Project Summary Alzheimer’s Disease (AD) is a progressive neurodegenerative disorder which is the most common cause of severe dementia in elderly populations. Currently, there are no approved therapies which combat the mechanisms behind AD, highlighting the need to develop more, effective treatments. AD is classically characterized by β-amyloid (Aβ) plaques, neurofibrillary tangles (NFTs), and brain-wide neuroinflammation. To successfully create therapies treating AD, the mechanisms behind these pathological hallmarks must be better understood. Recently, genome wide association studies (GWAS) have implicated many myeloid genes in the modulation of AD. In the central nervous system, microglia are the primary resident myeloid cells, thus, suggesting microglia are involved in AD. What is currently unknown, however, is whether microglial involvement in AD is helpful or harmful. Microglial ablation studies and global microglial gene knockout studies show conflicting results, possibly because these studies either globally alter gene transcription, or target all microglia when multiple subsets of microglia exist in AD. To date, it has not been possible to selectively target these discrete microglial populations to determine their relative roles and functions.
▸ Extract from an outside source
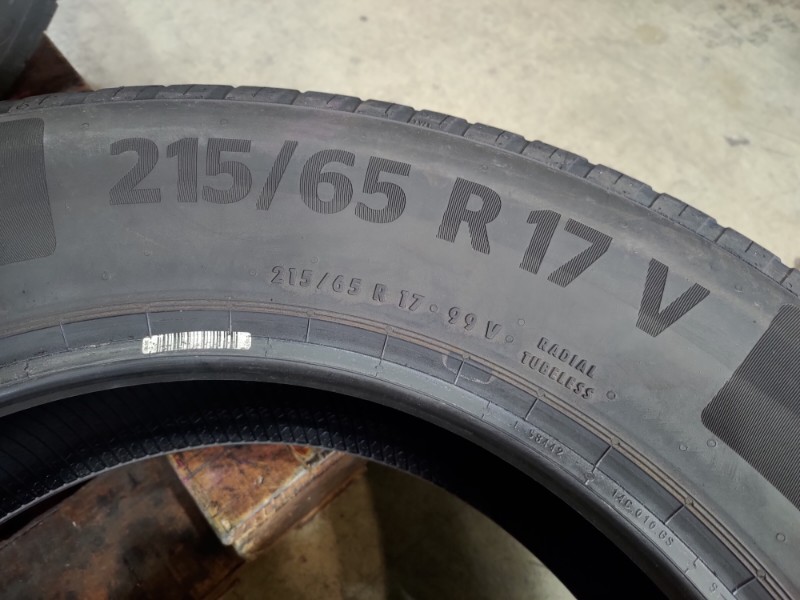 4 Gomme nuove 215 65 17 Pneumatici Estivi CONTINENTAL 4 Gomme nuove 215 65 17 Pneumatici Estivi CONTINENTAL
To that end, we have developed two approaches to selectively target and modulate plaque associated microglia while leaving non-plaque associated microglia unaffected. Thus, I propose to 1) Determine the contribution of plaque associated microglia to the pathogenesis of AD through a novel, inducible destabilized cre-lox mouse line targeting the gene responsible for the microglial response to Aβ plaques, TREM2, and 2) Show proof of principle in being able to pharmacologically alter the morphological and transcriptional profile of plaque associated microglia through systemic administration of polyamidoamine hydroxyl dendrimers. Collectively, this proposal will elucidate the role of plaque associated microglia in AD and showcase a potential therapeutic treatment for these cells, leading to a clearer understanding of the role of microglia in AD outcomes.

项目摘要 阿尔茨海默氏病（AD）是一种进行性神经退行性疾病，是最常见的原因 古老的人群中严重的痴呆症。目前，没有批准的疗法可以打击 AD背后的机制，强调需要开发更多有效的治疗方法。广告是经典的 以β-淀粉样蛋白（Aβ）斑块，神经纤维缠结（NFTS）和范围的神经炎症为特征。到 成功创建治疗广告的疗法，这些病理标志背后的机制必须更好 理解。最近，基因组广泛的关联研究（GWAS）已在 AD的调节。在中枢神经系统中，小胶质细胞是主要居民骨髓细胞，因此 建议小胶质细胞参与AD。但是，目前未知的是小胶质的参与 在广告中是有用或有害的。小胶质消融研究和全球小胶质细胞基因敲除研究 矛盾的结果，可能是因为这些研究在全球范围内改变基因转录，或针对所有小胶质细胞 当AD中存在多个小胶质细胞时。迄今为止，不可能选择性地针对这些 离散的小胶质群体以确定其相对作用和功能。为此，我们发展了 两种选择性靶向和调节斑块相关的小胶质细胞的方法，同时留下非斑点 相关的小胶质细胞不受影响。那就是我建议1）确定斑块相关的小胶质细胞的贡献 通过针对基因的新型，诱导的不稳定的Cre-lox小鼠系的AD发病机理 负责对Aβ斑块的小胶质响应，trem2和2）显示了能够的原理证明 药理学通过牙菌体相关小胶质细胞的形态和转录特征通过 全身给药聚氨基氨基羟基树突聚合物。总的来说，该提案将阐明角色 AD中的斑块相关小胶质细胞，并展示了这些细胞的潜在治疗治疗，导致 对小胶质细胞在AD结果中的作用有更清晰的了解。